[INFORMATION GIVEN — start]
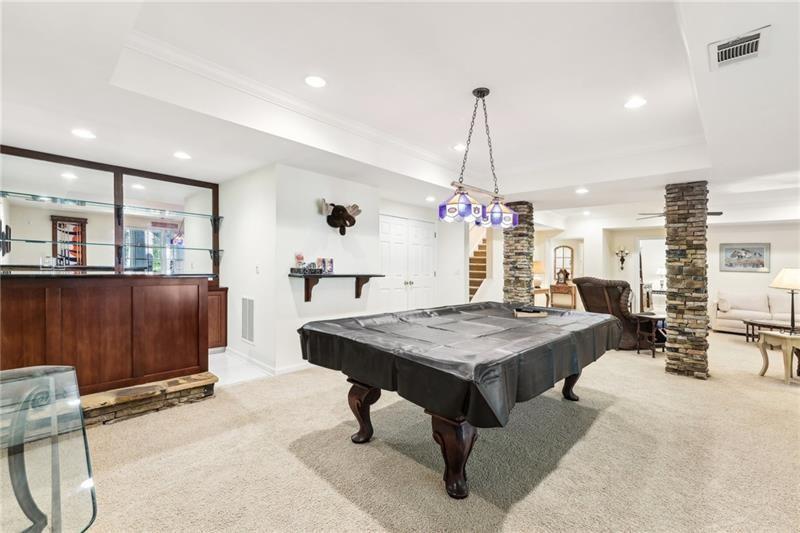 This beautiful home located on a cul-de-sac backs up to a private wood – image 46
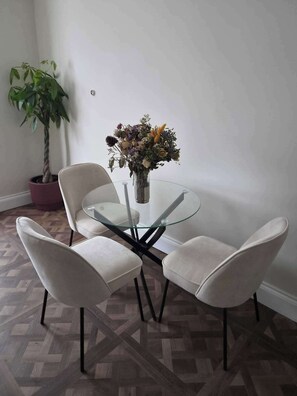 A dining area with a glass table, four white chairs, a potted plant, and a vase with flowers. - Spacious Apartment Sleeps 2 With Parking, Newly Refurbished (Ilford)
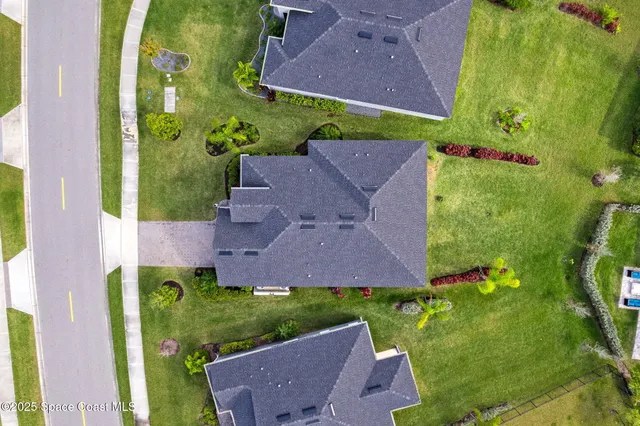 an aerial view of multiple houses with yard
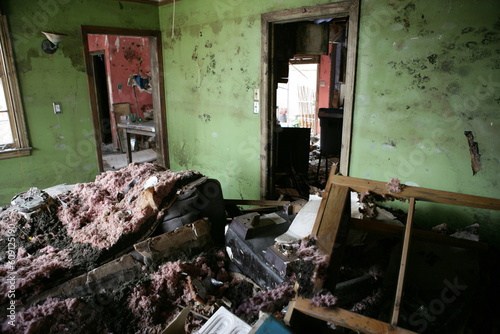 My Living room after hurricane Katrina.  Furniture is tossed about and then covered with fallen sheetrock and insulation. photo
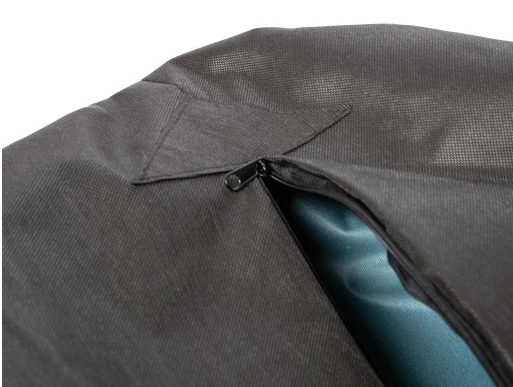Close-up of a dog bed with zippered cover being opened — washable upholstery detail showing how the cover can be removed for cleaning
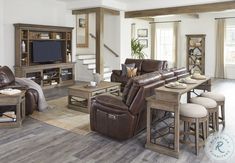 a living room filled with furniture and a flat screen tv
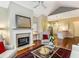 Bright open living space with fireplace, hardwood floors, and view into the kitchen area at 1045 Brook Knoll Ln # 401, Cumming, GA 30041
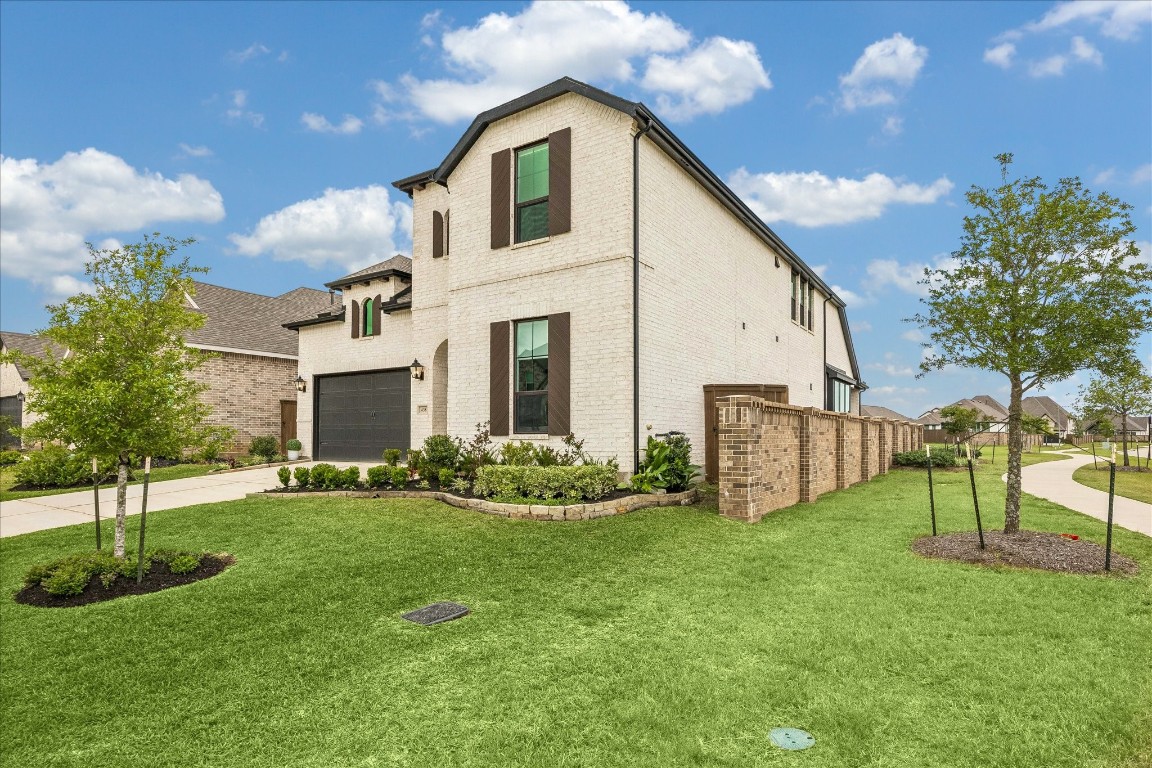 438 Livermore Street Webster, TX 77598 - Photo 3 of 34 a view of a house with a yard and plants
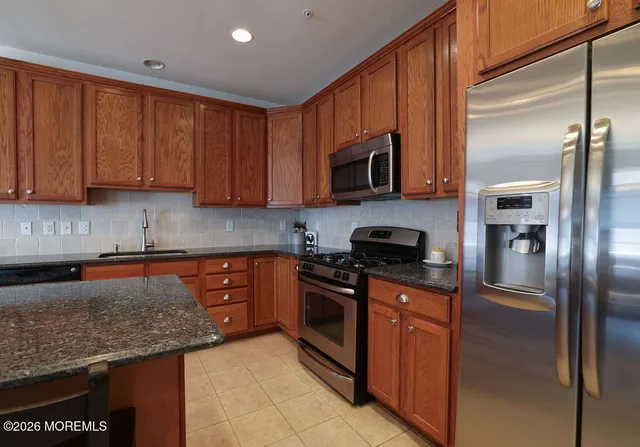 a kitchen with stainless steel appliances granite countertop a refrigerator a stove top oven a sink and dishwasher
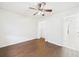 Bedroom with wood-look flooring, closet, and view to tiled hall at 2434 Mill Run Blvd, Kissimmee, FL 34744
[INFORMATION GIVEN — finish]
- **WORK ITEM**: Reproduce exactly the lines from the one containing "a living room" through the last line of the records, both included, leaving out every picture.

- **SOLUTION**:
 a living room filled with furniture and a flat screen tv
 Bright open living space with fireplace, hardwood floors, and view into the kitchen area at 1045 Brook Knoll Ln # 401, Cumming, GA 30041
 438 Livermore Street Webster, TX 77598 - Photo 3 of 34 a view of a house with a yard and plants
 a kitchen with stainless steel appliances granite countertop a refrigerator a stove top oven a sink and dishwasher
 Bedroom with wood-look flooring, closet, and view to tiled hall at 2434 Mill Run Blvd, Kissimmee, FL 34744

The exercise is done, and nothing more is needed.